In reality, even natural minerals having the same group name possess different adsorption capacities, depending on the chemical composition and original region where the substance was produced. Performance also varies greatly depending on use conditions, such as the concentration of radioactive substances, acidity of the use environment, and the like. In other words, because the most effective adsorbent will vary depending on the use environment, it is necessary to select the optimum adsorbent for the conditions at each site. However, comprehensive data showing the adsorption capacities of the large number of promising materials did not exist anywhere in the world, highlighting the urgent need to create a database for use when selecting adsorbents. The National Institute for Materials Science (NIMS) collected basic data on natural minerals produced in various regions and inorganic materials with different chemical compositions as a tool for selecting suitable materials. The objects are adsorbents for cesium, strontium, and iodine. For the adsorbents under study, NIMS collected nearly 800 basic data items for 60 species of materials from various localities and with various chemical compositions.
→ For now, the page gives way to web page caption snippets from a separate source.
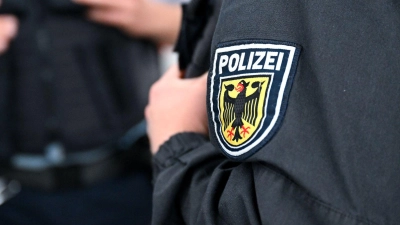 Am frühen Morgen rückt die Bundespolizei zu einem Einsatz an der Bahnstrecke zwischen Nürnberg und Bamberg aus. (Symbolbild) (Foto: Sven Hoppe/dpa)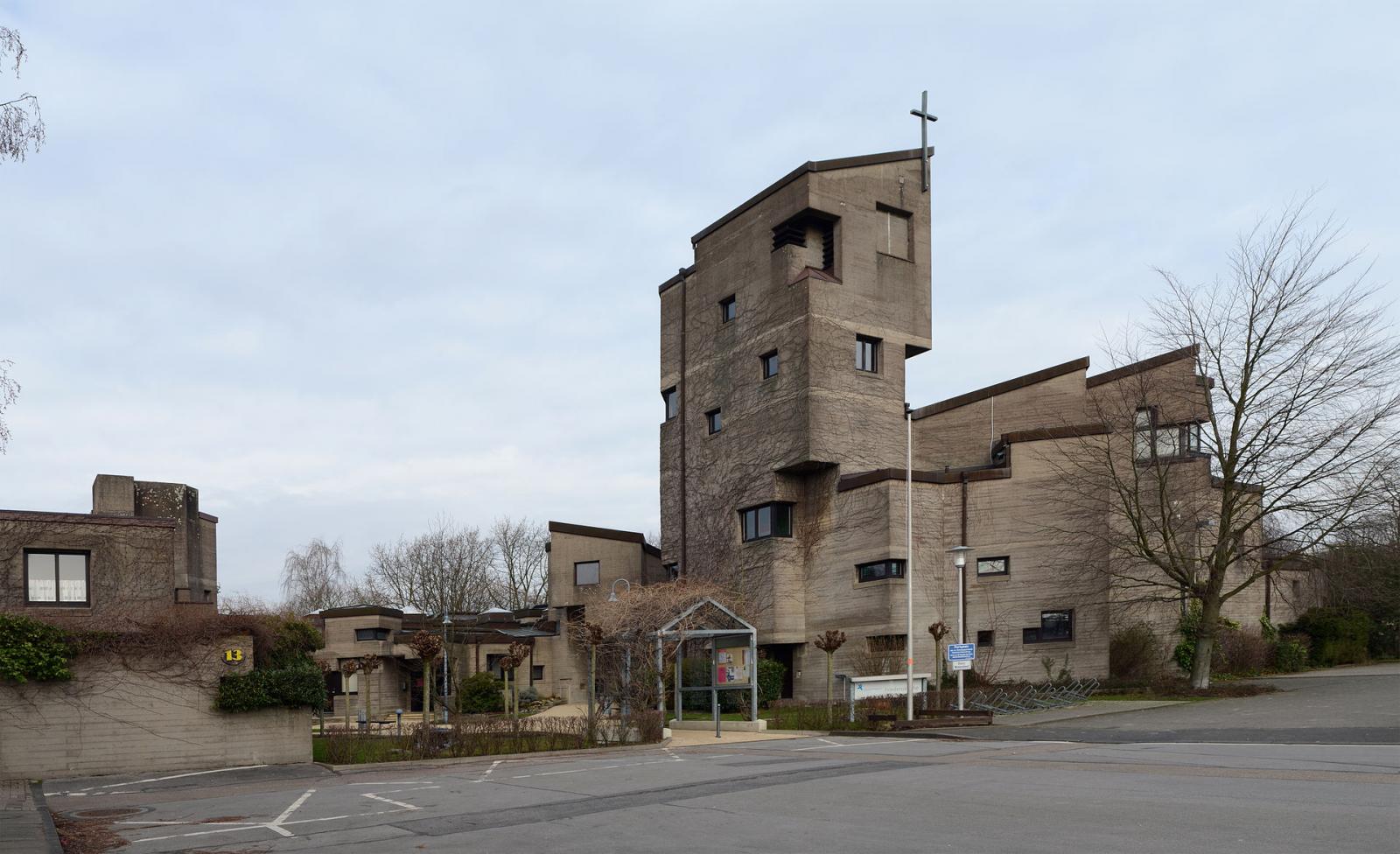 Straßenansicht Gemeindezentrum und Friedenskirche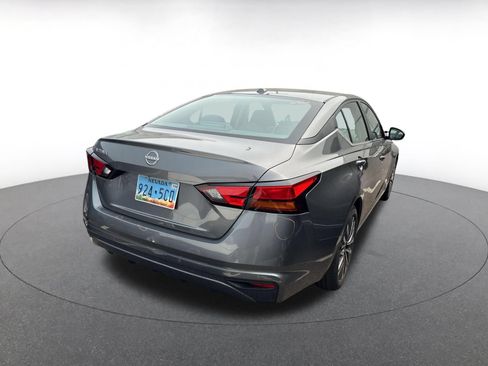 Used 2025 Nissan Altima 2.5 SV FWD image 9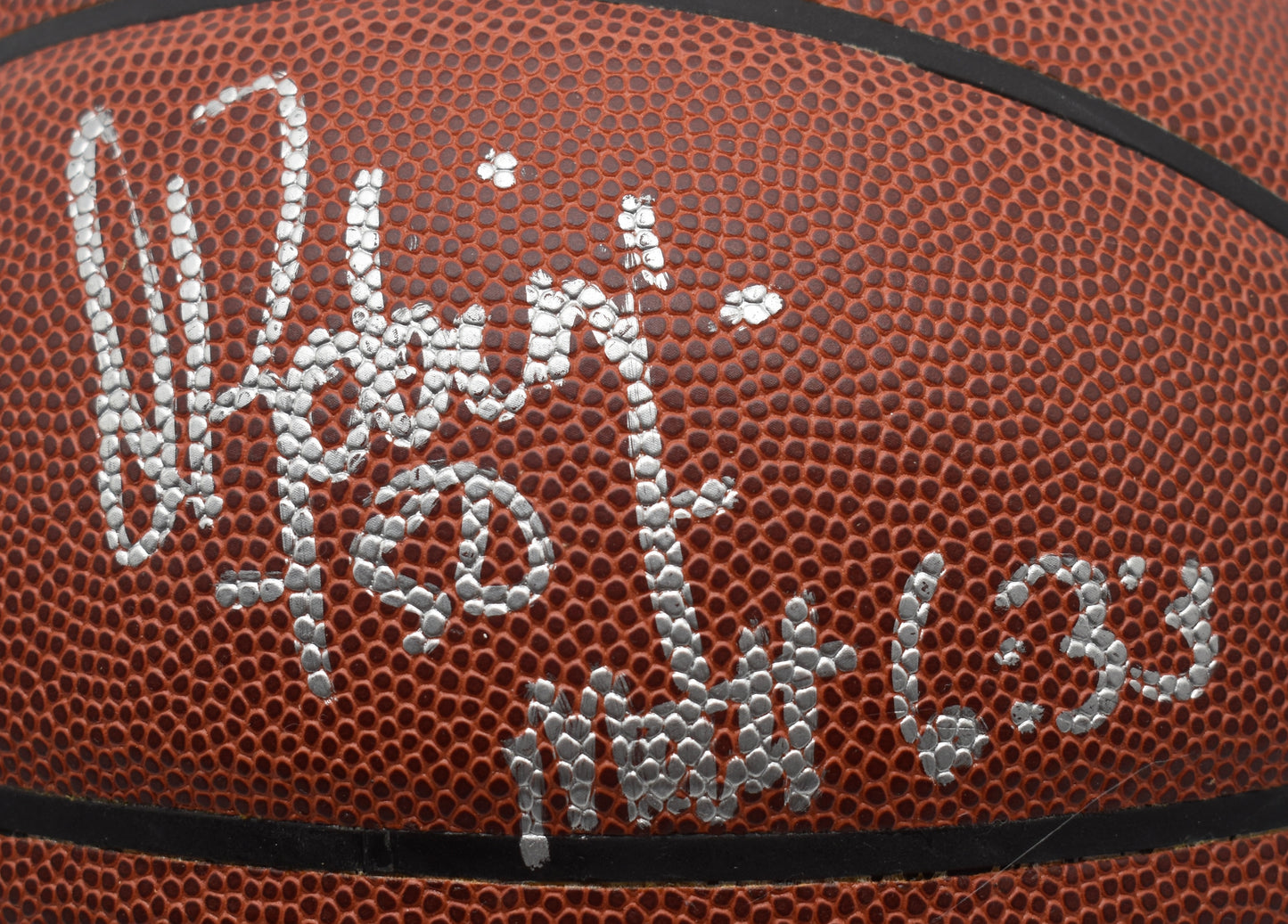 David Robinson HOF Signed Full Size Spalding Basketball Spurs Beckett 211923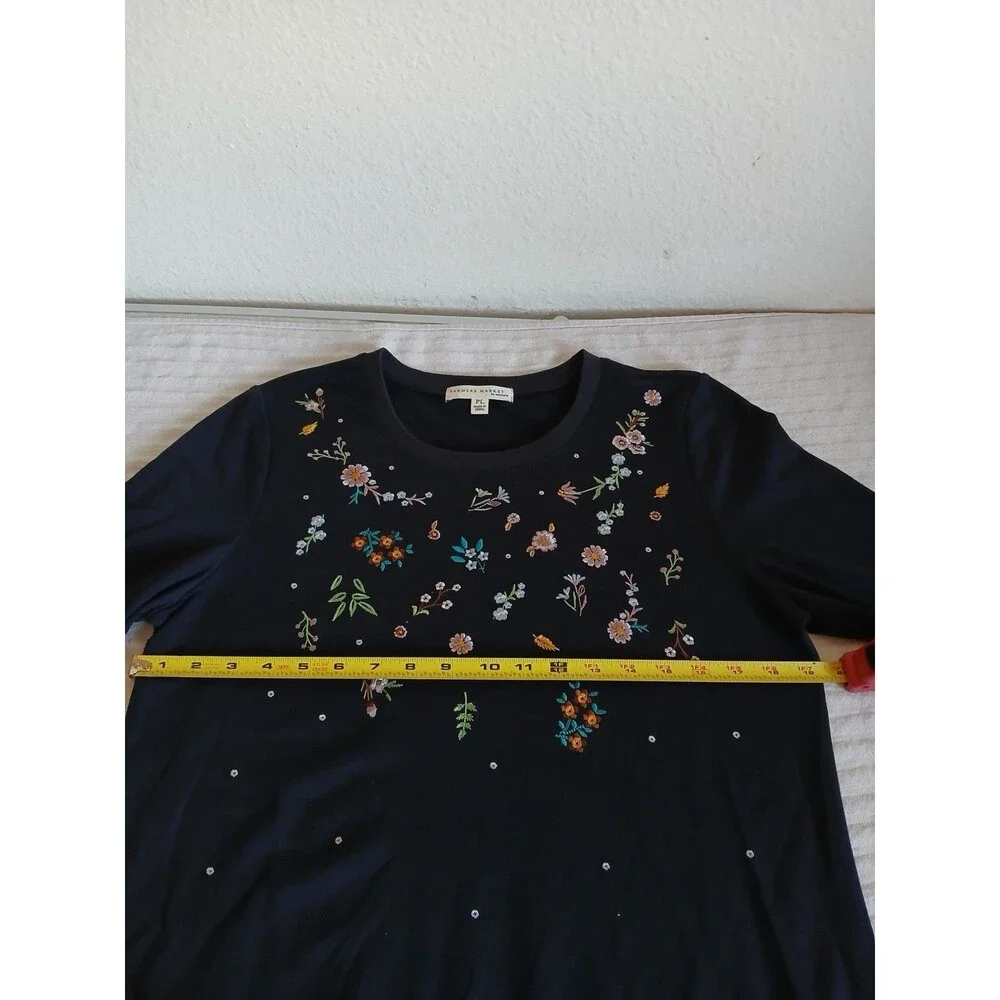 Farmers Market PL Embroidered Floral Navy Sweatshirt Long Sleeve Pullover Casual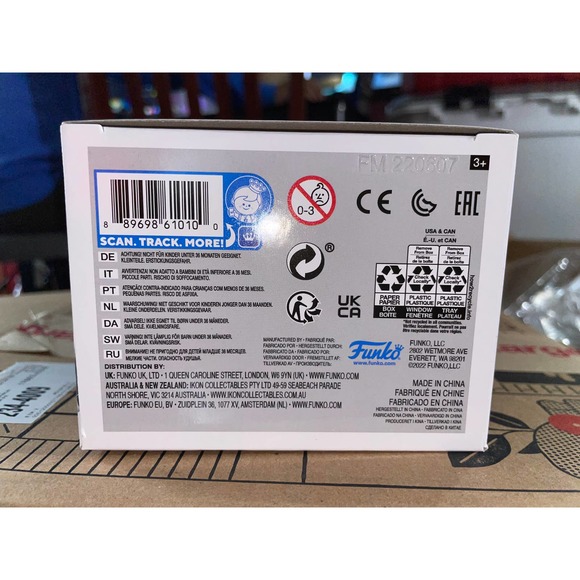 Funko Pop! Bleach - Fully-Hollowfied Ichigo (Glow Chase) - Picture 10 of 10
The basic data for adsorption capacities were collected in the following Figure (Experimental Procedures). The adsorption experiments were carried out for the promising materials with distilled water containing different amount of cesium chloride, strontium chloride and iodine. The mixture of adsorbent with appropriate amount of cesium chloride, strontium chloride or iodine aqueous solution was prepared at the fixed solid/solution ratio (e.g. 0.1g of adsorbent with 10 mL solution), and then shaken at room temperature (23°C) for 24 hours. After solid/liquid separation, the amount of Cs, Sr or I were determined by ICP method, etc. The experiments were performed at a limited condition. Therefore the collected data do not discuss the merits of the desired adsorbent. The appropriate adsorbent should be selected according to the conditions and processes. Please use the database by your responsibility.
Database construction was carried out by a total of 7 universities, 4 Independent Administrative Institutions (IAIs), and 1 foundation under National Institute for Materials Science. In addition to NIMS, the participating organizations are Hokkaido University, Iwate University, Tokyo Institute of Technology, Shimane University, the University of Miyazaki, Tokyo Metropolitan University, Kanazawa Institute of Technology, the Japan International Research Center for Agricultural Sciences (JIRCAS), the National Institute of Advanced Industrial Science and Technology (AIST), the Japan Atomic Energy Agency (JAEA), and the Central Research Institute of the Electric Power Industry (CRIEPI). These research teams are also key members of the Clay Science Society of Japan.
This research and development project was implemented mainly with support from the FY2011 Strategic Funds for Promotion of Science and Technology, "Establishment of the Base for Taking Measures for Environmental Impact of Radioactive Substances" of the Ministry of Education, Culture, Sports, Science and Technology (MEXT).